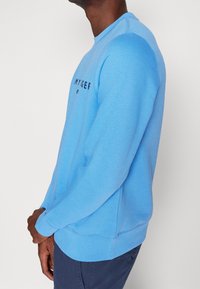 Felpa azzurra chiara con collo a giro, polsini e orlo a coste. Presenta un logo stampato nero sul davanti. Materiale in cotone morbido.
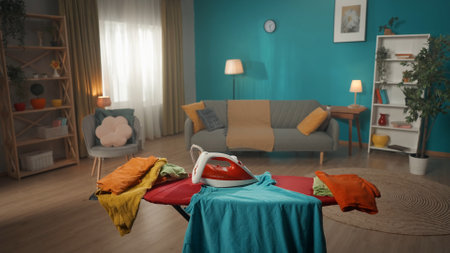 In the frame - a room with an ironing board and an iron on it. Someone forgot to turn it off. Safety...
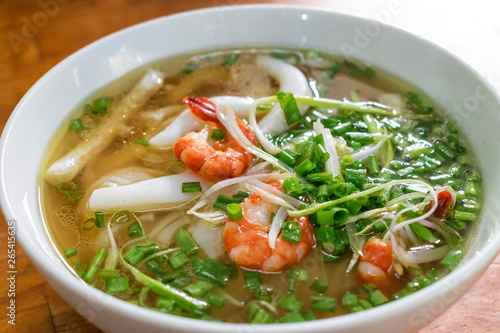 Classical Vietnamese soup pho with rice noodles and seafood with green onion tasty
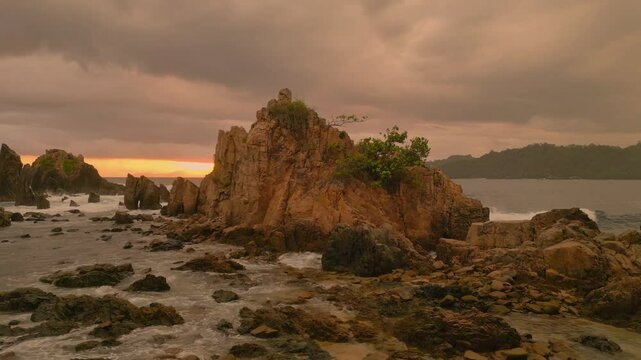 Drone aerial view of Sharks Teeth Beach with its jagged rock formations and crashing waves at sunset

**PROBLEM:** Across all the lines above, repeat the wording exactly and omit the pictures.

**EXERCISE RESULT:**
 Felpa azzurra chiara con collo a giro, polsini e orlo a coste. Presenta un logo stampato nero sul davanti. Materiale in cotone morbido.
 In the frame - a room with an ironing board and an iron on it. Someone forgot to turn it off. Safety...
 Classical Vietnamese soup pho with rice noodles and seafood with green onion tasty
 Drone aerial view of Sharks Teeth Beach with its jagged rock formations and crashing waves at sunset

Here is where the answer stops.